Use the CREATE EXTERNAL TABLE DDL statement:

  1. In the Google Cloud console, go to the BigQuery page.

    Go to BigQuery

  2. In the query editor, enter the following statement:

    CREATE EXTERNAL TABLE `PROJECT_ID.DATASET.EXTERNAL_TABLE_NAME`
    WITH PARTITION COLUMNS
    (
      PARTITION_COLUMN PARTITION_COLUMN_TYPE,
    )
    WITH CONNECTION `PROJECT_ID.REGION.CONNECTION_ID`
    OPTIONS (
      hive_partition_uri_prefix = "HIVE_PARTITION_URI_PREFIX",
      uris=['FILE_PATH'],
      max_staleness = STALENESS_INTERVAL,
      metadata_cache_mode = 'CACHE_MODE',
      format ="TABLE_FORMAT"
    );

    Replace the following:

    • PROJECT_ID: the name of your project in which you want to create the table—for example, myproject
    • DATASET: the name of the BigQuery dataset that you want to create the table in—for example, mydataset
    • EXTERNAL_TABLE_NAME: the name of the table that you want to create—for example, mytable
    • PARTITION_COLUMN: the name of the partitioning column
    • PARTITION_COLUMN_TYPE: the type of the partitioning column
    • REGION: the region that contains the connection—for example, us
    • CONNECTION_ID: the connection ID—for example, myconnection

      When you view the connection details in the Google Cloud console, the connection ID is the value in the last section of the fully qualified connection ID that is shown in Connection ID—for example projects/myproject/locations/connection_location/connections/myconnection.

    • HIVE_PARTITION_URI_PREFIX: hive partitioning uri prefix–for example, gs://mybucket/
    • FILE_PATH: path to the data source for the external table that you want to create—for example, gs://mybucket/*.parquet
    • STALENESS_INTERVAL: specifies whether cached metadata is used by operations against the BigLake table, and how fresh the cached metadata must be in order for the operation to use it. For more information about metadata caching considerations, see Metadata caching for performance.

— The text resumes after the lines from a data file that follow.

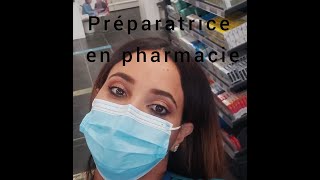 مهنة مطلوبة بكترة في أوروبا préparateur en pharmacie جميع المعلومات كفاش تخدمي في صيدلية بفرنسا [upl. by Yruj]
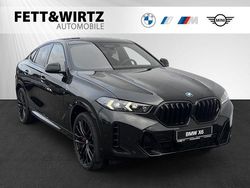 Schwarz Gebraucht 2024 BMW X6 M Sport SUV | 102.890 € (Teuer)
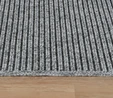 Kaşmir Halı Kilim/Jüt Assos V2 Gri 160x230 cm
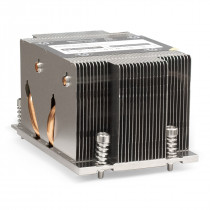 Радиатор серверный EXEGATE для процессора ESNK-P0063P.2U.SP3.Cu (Al+Cu, 2U, 4 тепл. трубки, LGA SP3, TDP 280W, 420г, на винтах, с термопастой, Retail box) (EX293445RUS)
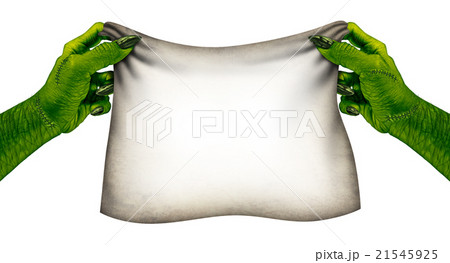 Monster Holding Banner Monster Holding Banner 21545925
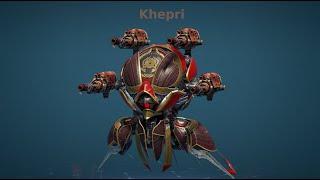 War Robots - Khepri duo action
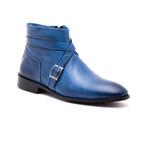 Faruk State Boot // Blue (Euro: 40)
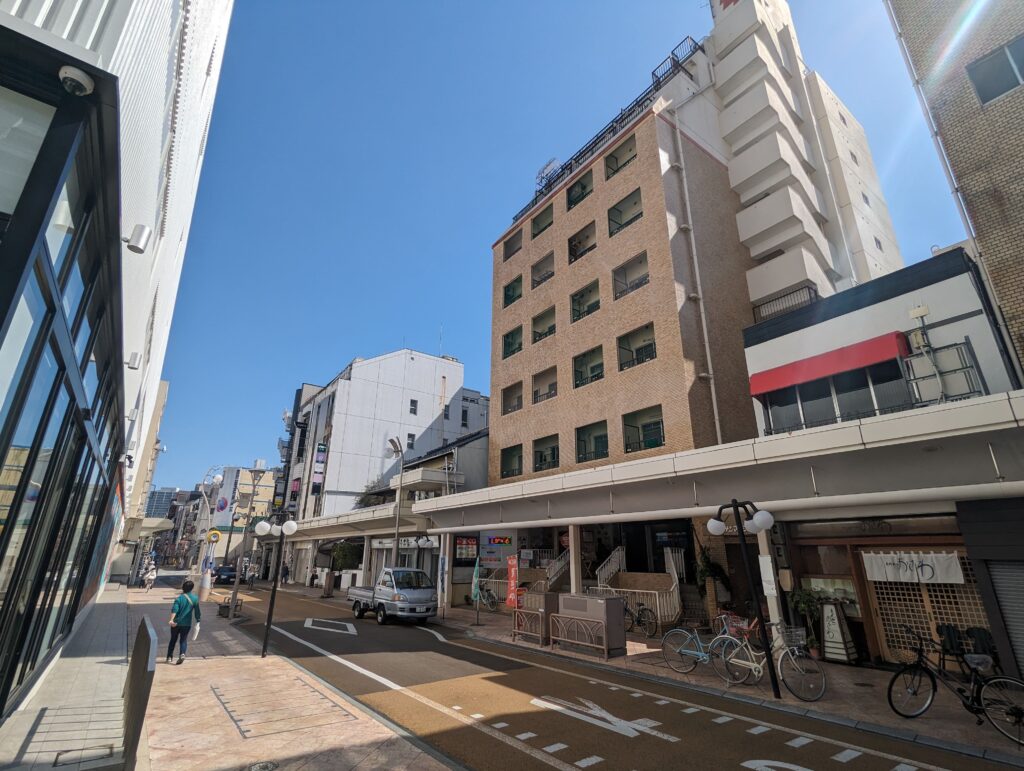 2024静岡市葵区七間町 中古マンション(チサンマンション七間町) 仲介実績7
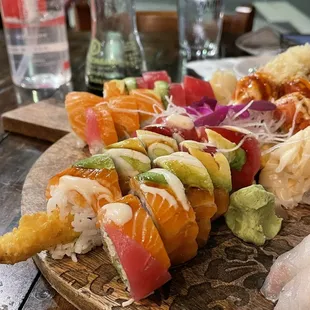 sashimi, sushi, food, sushi and sashimi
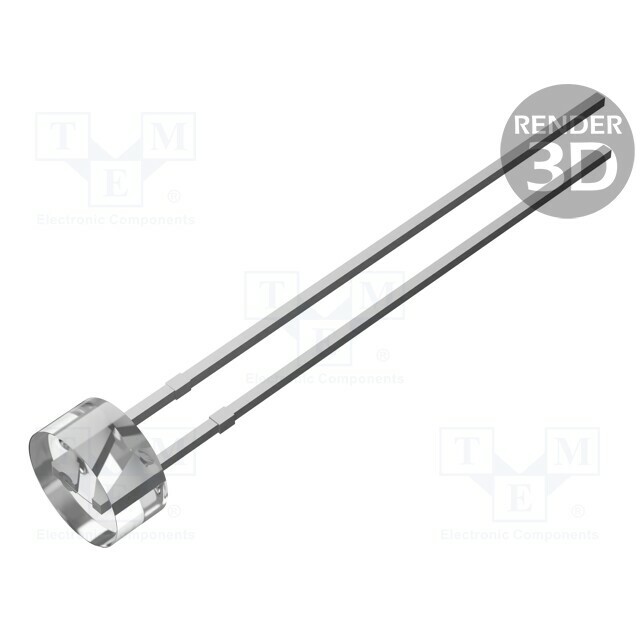 TOKEN Phototransistor; THT; 70mW; 5mm; λp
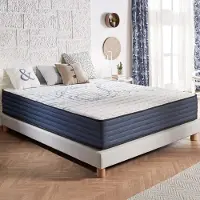 Dripio Colchones de espuma viscoelástica de 160x200 cm, con una altura de 30 cm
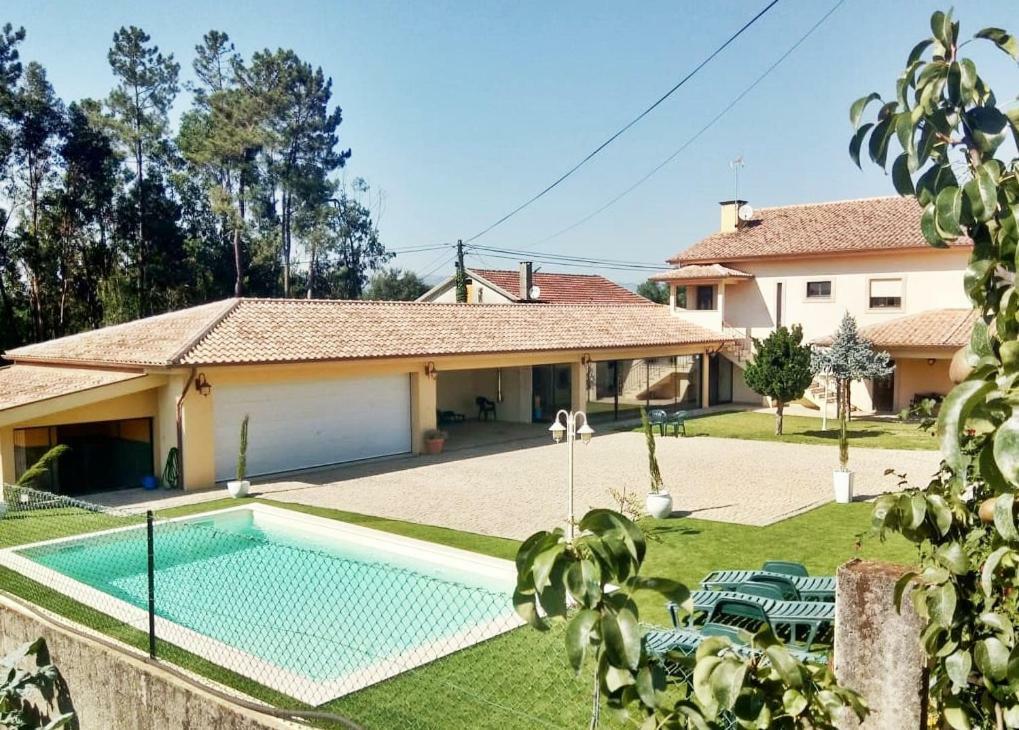 Casa De Barreiros Villa Braga Buitenkant foto
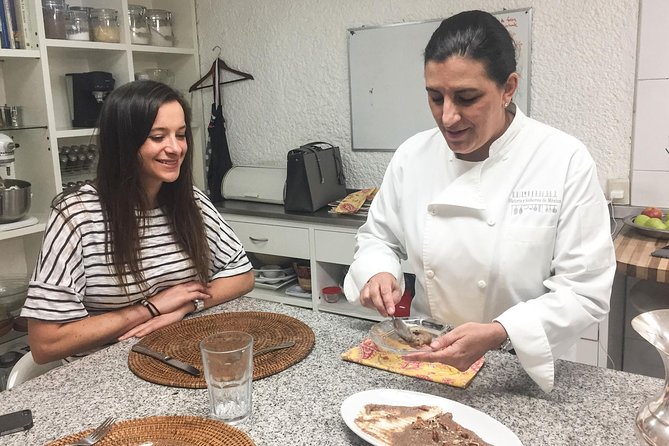 Private Mexican Cooking Class with Gastronomic Historian, Lucia - Meeting Lucía in the Heart of San Ángel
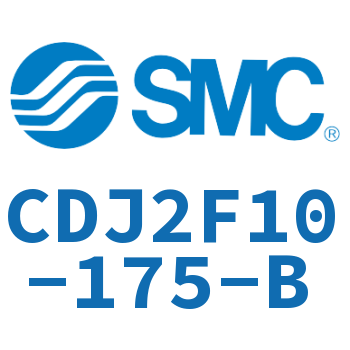 法兰型不锈钢迷你气缸 CDJ2F10-175-B
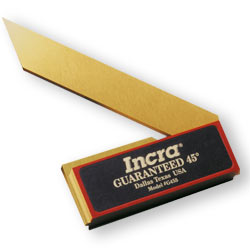 INCRA 45 DEGREE GUARANTEED SQUARE - 7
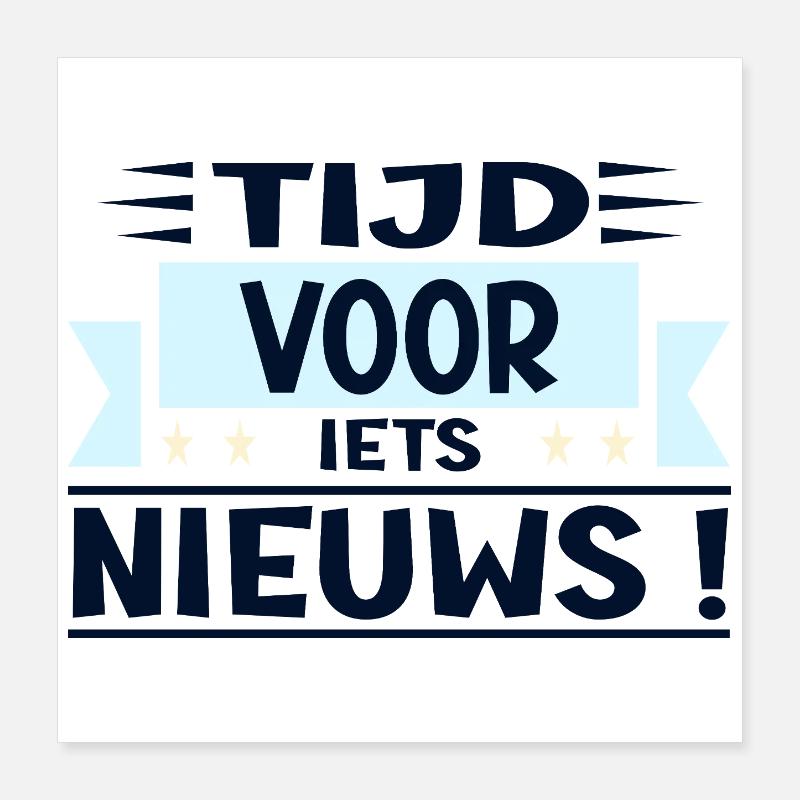 New start Poster 16" x 16" (40x40 cm)
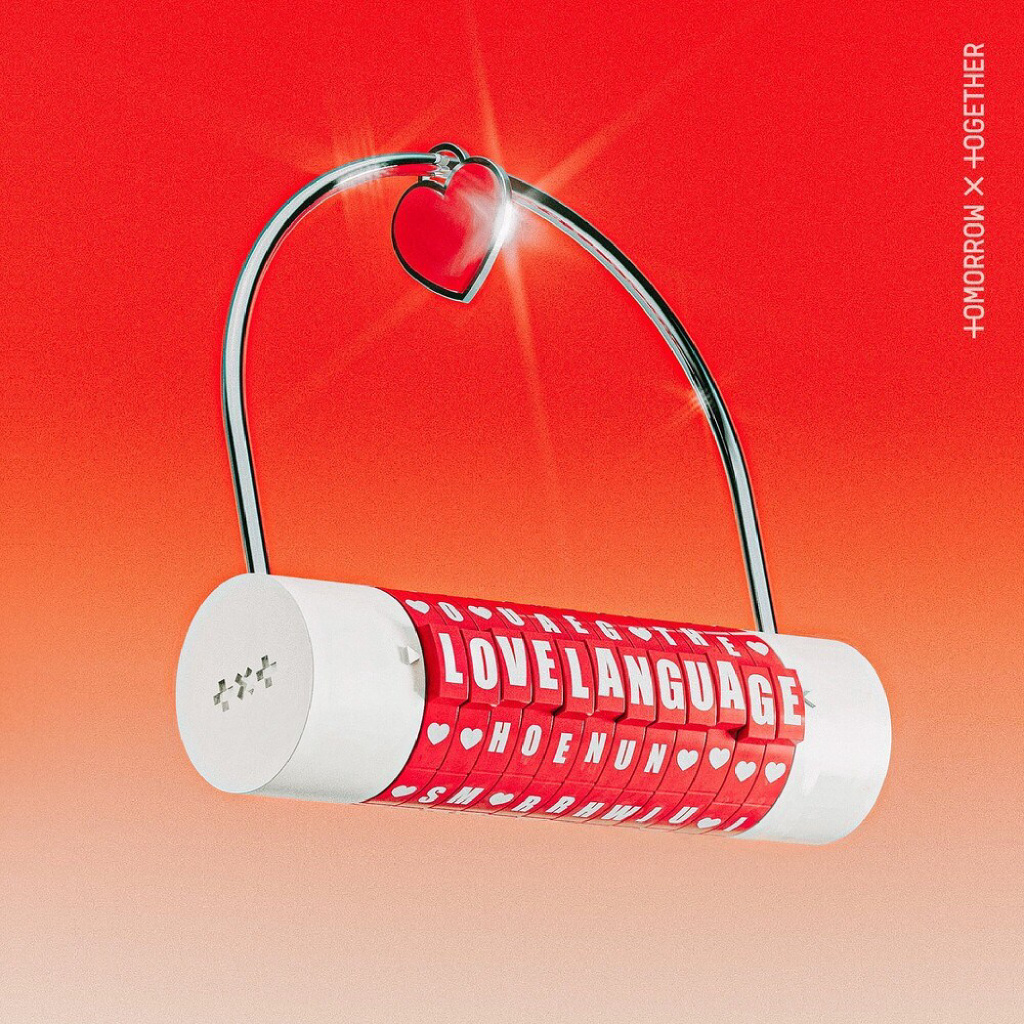 TXT《Love Language》日榜空降Melon：not inGenie：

      To disable metadata caching, specify 0. This is the default.

      To enable metadata caching, specify an interval literal value between 30 minutes and 7 days. For example, specify INTERVAL 4 HOUR for a 4 hour staleness interval. With this value, operations against the table use cached metadata if it has been refreshed within the past 4 hours. If the cached metadata is older than that, the operation retrieves metadata from Cloud Storage instead.

    • CACHE_MODE: specifies whether the metadata cache is refreshed automatically or manually. For more information about metadata caching considerations, see Metadata caching for performance.

      Set to AUTOMATIC for the metadata cache to be refreshed at a system-defined interval, usually somewhere between 30 and 60 minutes.

      Set to MANUAL if you want to refresh the metadata cache on a schedule you determine. In this case, you can call the BQ.REFRESH_EXTERNAL_METADATA_CACHE system procedure to refresh the cache.

      You must set CACHE_MODE if STALENESS_INTERVAL is set to a value greater than 0.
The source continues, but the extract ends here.